Example output (ground truth followed by a prediction of 2 different classes)

Screen Shot 2020-04-09 at 6 53 16 PM
qubvel commented 4 years ago

Debug a code carefully, check the output of each stage of code. You can write your own training loop to make it easy:


# simple example 
for image, mask in loader:
  image = image.to(device)
  mask = mask.to(device)
  pred = model(image)   # e.g. check that predictions are not empty pred.sum()  > 0

  loss = criterion(pred, mask)
  loss.backward()
  optimizer.step()
  optimizer.zero_grad()
gireeshkbogu commented 4 years ago

I started debugging using the Camvid example. It seems the model doesn't work well against masks with many zero values. For example, car/building/sky have good predictions and pedestrians/pole/signsymbol have empty predictions.

Also in my data, a lot of pixels in training prediction masks are of class 0 while only a few with label 1. Do you think the network marks everything 0 thus you get a very low loss value and blank segmentation output?

for i in range(15):
    n = np.random.choice(len(test_dataset))

    image_vis = test_dataset_vis[n][0].astype('uint8')
    image, gt_mask = test_dataset[n]

    gt_mask = gt_mask.squeeze()

    x_tensor = torch.from_numpy(image).to(DEVICE).unsqueeze(0)
    pr_mask = model.predict(x_tensor)
    pr_mask = (pr_mask.squeeze().cpu().numpy().round())

    # CLASSES = ['sky', 'building', 'pole', 'road', 'pavement', 
    #           'tree', 'signsymbol', 'fence', 'car', 'pedestrian', 'bicyclist', 'unlabelled']

    visualize(
        image=denormalize(image_vis.squeeze()),
        gt_sky=gt_mask[0].squeeze(),
        pr_sky=pr_mask[0].squeeze(),
        gt_building=gt_mask[1].squeeze(),
        pr_building=pr_mask[1].squeeze(),
        gt_pole=gt_mask[2].squeeze(),
        pr_pole=pr_mask[2].squeeze(),
        gt_road=gt_mask[3].squeeze(),
        pr_road=pr_mask[3].squeeze(),
        gt_pavement=gt_mask[4].squeeze(),
        pr_pavement=pr_mask[4].squeeze(),
        gt_tree=gt_mask[5].squeeze(),
        pr_tree=pr_mask[5].squeeze(),
        gt_signsymbol=gt_mask[6].squeeze(),
        pr_signsymbol=pr_mask[6].squeeze(),
        gt_fence=gt_mask[7].squeeze(),
        pr_fence=pr_mask[7].squeeze(),
        gt_car=gt_mask[8].squeeze(),
        pr_car=pr_mask[8].squeeze(),
        gt_pedestrian=gt_mask[9].squeeze(),
        pr_pedestrian=pr_mask[9].squeeze(),
        gt_bicyclist=gt_mask[10].squeeze(),
        pr_bicyclist=pr_mask[10].squeeze(),
        gt_unlabelled=gt_mask[11].squeeze(),
        pr_unlabelled=pr_mask[11].squeeze()
    )
Screen Shot 2020-04-10 at 10 26 58 AM

Let's zoom pedestrian masks

Screen Shot 2020-04-10 at 10 28 05 AM

Also, when I ran the model on my data using just one-class and sigmoid activation, I do get the prediction masks.

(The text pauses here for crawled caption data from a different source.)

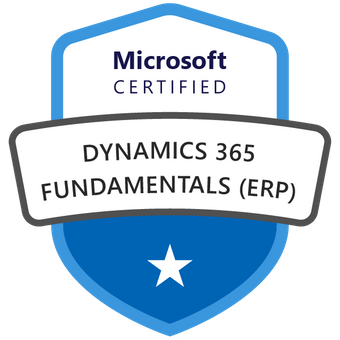 Microsoft Dynamics 365 Fundamentals Finance and Operations Apps (ERP)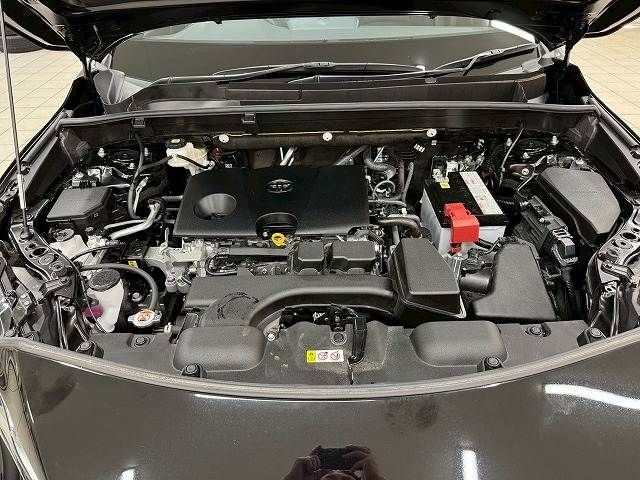 TOYOTA HARRIER 2WD 2024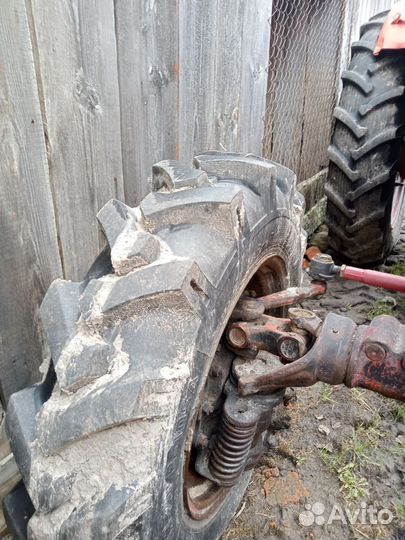 Трактор ЛТЗ Т-40AM, 1988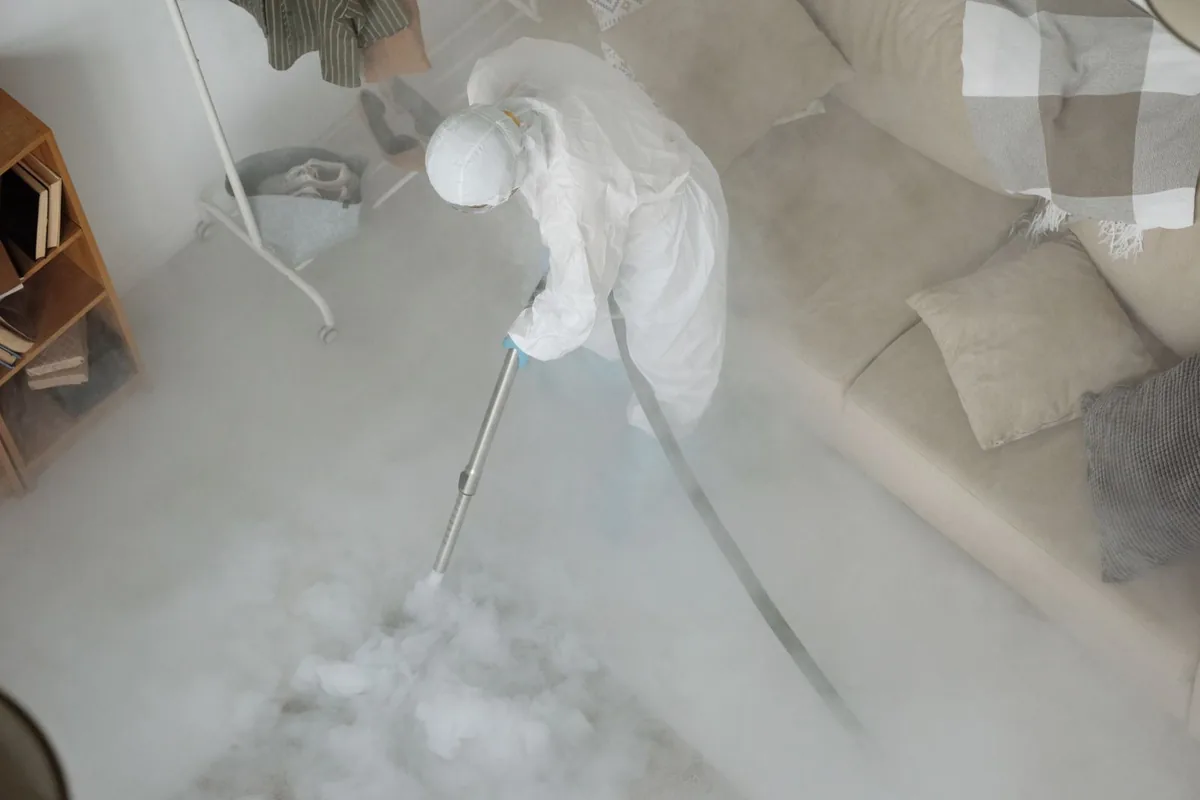 Biohazard Cleanup in Waco, TX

So, therefore, I would think the above is a correct problem. Somehow softmax2d is having a hard time dealing with image masks with too many zeroes.

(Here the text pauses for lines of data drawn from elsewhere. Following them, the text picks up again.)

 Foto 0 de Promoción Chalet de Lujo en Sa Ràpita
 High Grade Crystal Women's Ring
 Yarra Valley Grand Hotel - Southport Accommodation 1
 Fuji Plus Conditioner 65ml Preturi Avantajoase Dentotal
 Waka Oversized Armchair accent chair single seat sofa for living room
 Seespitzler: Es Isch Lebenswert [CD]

Screen Shot 2020-04-10 at 11 12 20 AM

May be applying softmax only on the values !=0 would solve this problem like here where they use masked_softmax?

TimbusCalin commented 3 years ago

Did you manage to solve this problem? If so, how did you?

Thank you 👍

TimbusCalin commented 3 years ago

Debug a code carefully, check the output of each stage of code. You can write your own training loop to make it easy:

# simple example 
for image, mask in loader:
  image = image.to(device)
  mask = mask.to(device)
  pred = model(image)   # e.g. check that predictions are not empty pred.sum()  > 0

  loss = criterion(pred, mask)
  loss.backward()
  optimizer.step()
  optimizer.zero_grad()

I can confirm the same phenomenon --- happens only when the ground truth has a lot of 0s (void/empty class)

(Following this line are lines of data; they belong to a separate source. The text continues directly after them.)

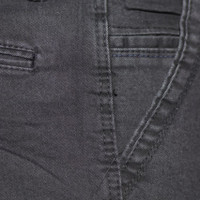 Classic Charcoal Jeans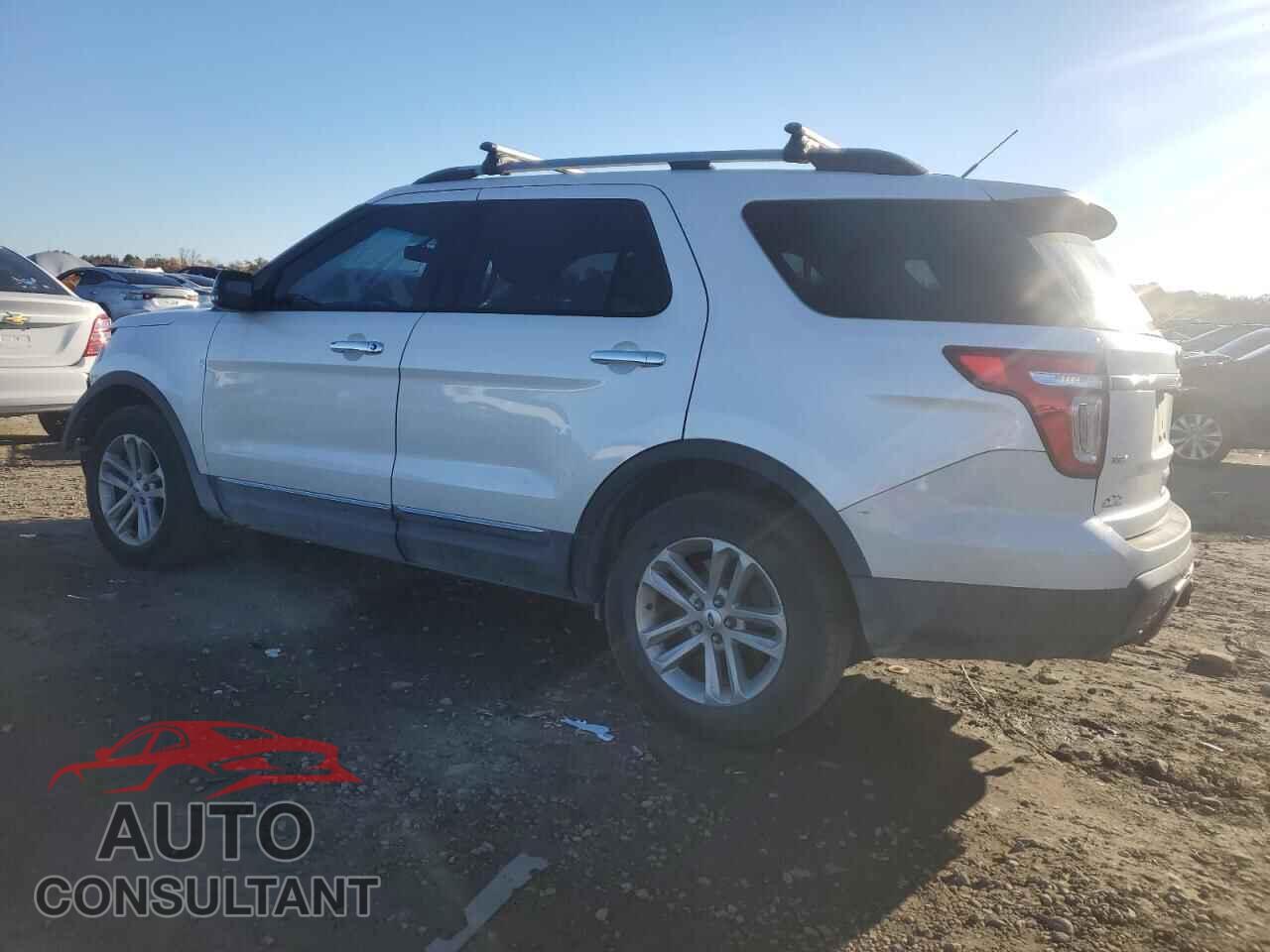 FORD EXPLORER 2014 - 1FM5K8D80EGA57713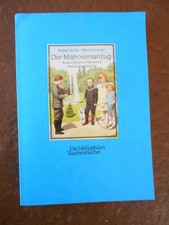 Der Matrosenanzug. Kulturgeschichte eines Kleidungsstücks (BTB 576). Geschenk?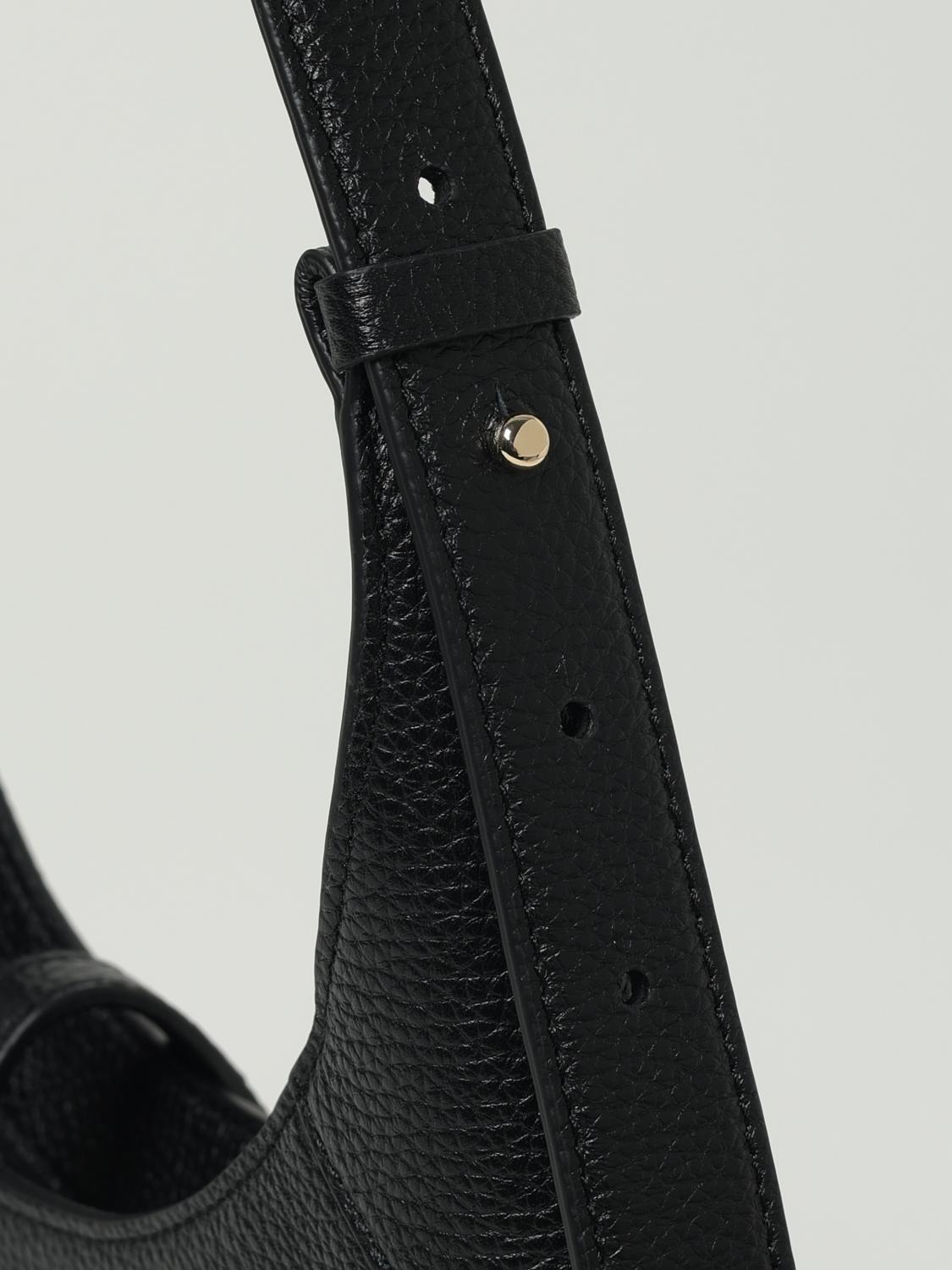 Boss Shoulder Bag Woman Black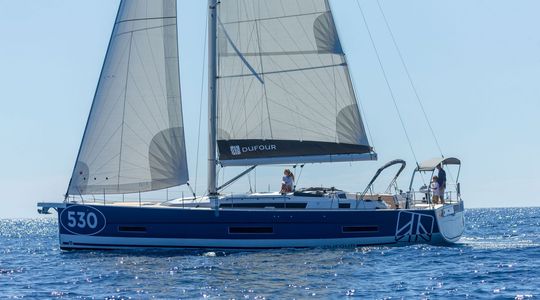2020 Dufour Yachts 530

github-actions[bot] commented 2 years ago

This issue is stale because it has been open 60 days with no activity. Remove stale label or comment or this will be closed in 7 days.

github-actions[bot] commented 2 years ago

This issue was closed because it has been stalled for 7 days with no activity.